Tak sampai di situ, Tania juga kerap mengalami perlakuan berbeda saat berinteraksi dengan gender lain. Hal ini ia rasakan berdasarkan pengalaman yang dialami oleh Tania.

"Jadi, karena aku perempuan, pertama, aku itu dituntut memiliki standar yang lebih tinggi. Kedua, karena aku perempuan juga, terkadang hasil kerja keras aku tidak begitu dihargai oleh orang lain. Ketiga adalah ketika aku memberikan suatu opini atau memberi masukan, mencoba ikut andil dalam komunitas sosial, itu suara aku tidak begitu terdengar atau bisa dibilang dibungkam dengan alasan basic wanita itu biasanya lebih pakai hati, lebih pakai perasaan," kisahnya. 

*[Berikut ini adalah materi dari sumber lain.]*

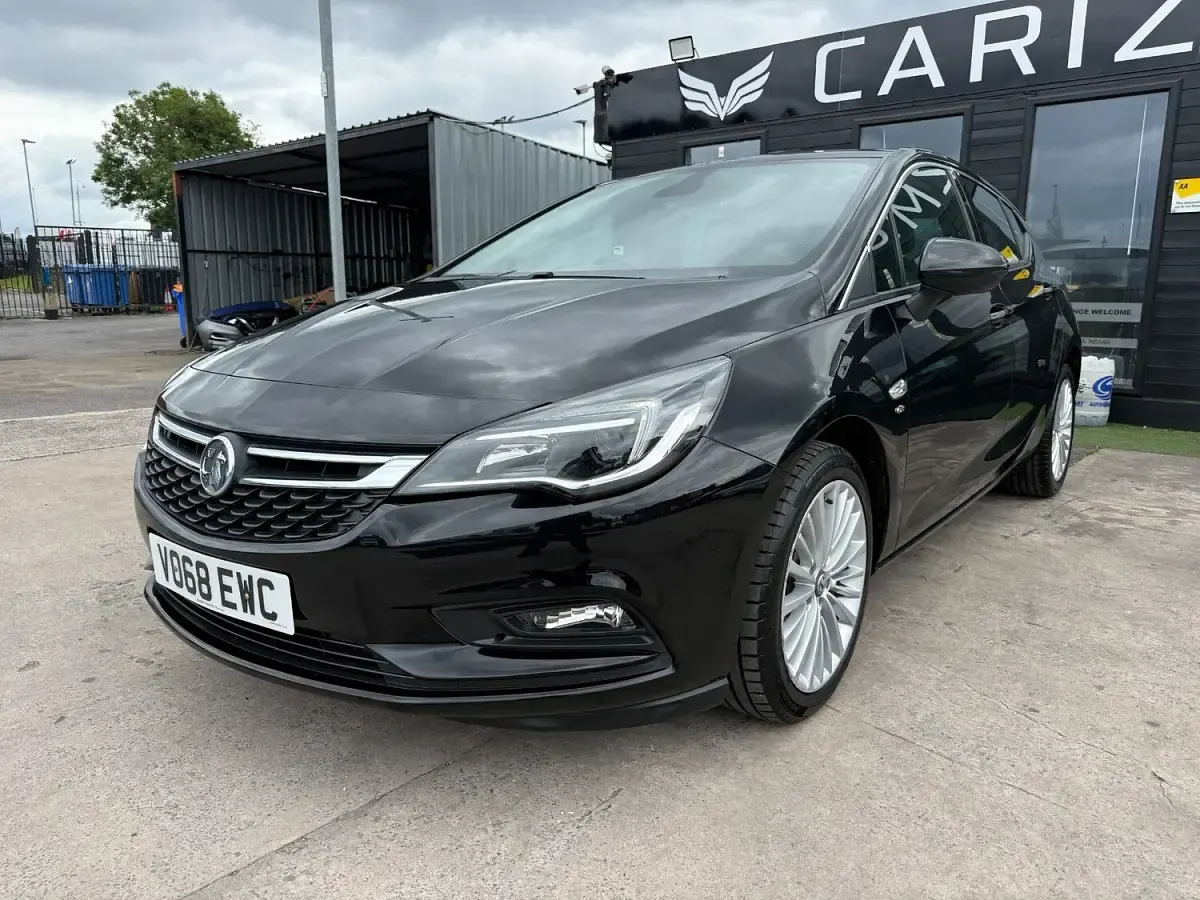 Used Vauxhall Astra Elite 200 HP (147 kW) 2018 Black Hatchback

Baca Juga: Millennial Ternyata Lebih Suka Bayar Tunai saat Beli Rumah, Wow! 

2. Bagaimana perempuan dapat tetap berdaya di tengah kultur patriarki?

Tania Artawidjaya dalam stage Future is Female. (IDNTIMES/Dina Fadillah Salma)

Di tengah budaya patriarki yang masih kuat, perempuan kerap kali berusaha keras untuk membuktikan eksistensinya. Nova Riyanti Yusuf sebagai Secretary General Asian Federation of Psychiatric Associations menjelaskan bahwa perempuan tak harus memaksakan diri untuk mendapatkan validasi agar keberadaannya bisa diterima.

"At the same time, memang kita tidak harus merasa perlu membuktikan diri kita. Aku tidak mau kita merasa tertekan bahwa kita harus membuktikan bahwa kita layak," ujar Nova. 

3. Memahami kodrat perempuan menjadi hal yang penting di tengah budaya patriarki

Tania Artawidjaya dalam stage Future is Female. (IDNTIMES/Dina Fadillah Salma)

Banyak salah kaprah yang terjadi di tengah budaya patriarki, seperti pemahaman mengenai kodrat perempuan. Kesalahpahaman ini dapat membuat dominasi patriarki semakin kuat dan perempuan merasa tak berdaya.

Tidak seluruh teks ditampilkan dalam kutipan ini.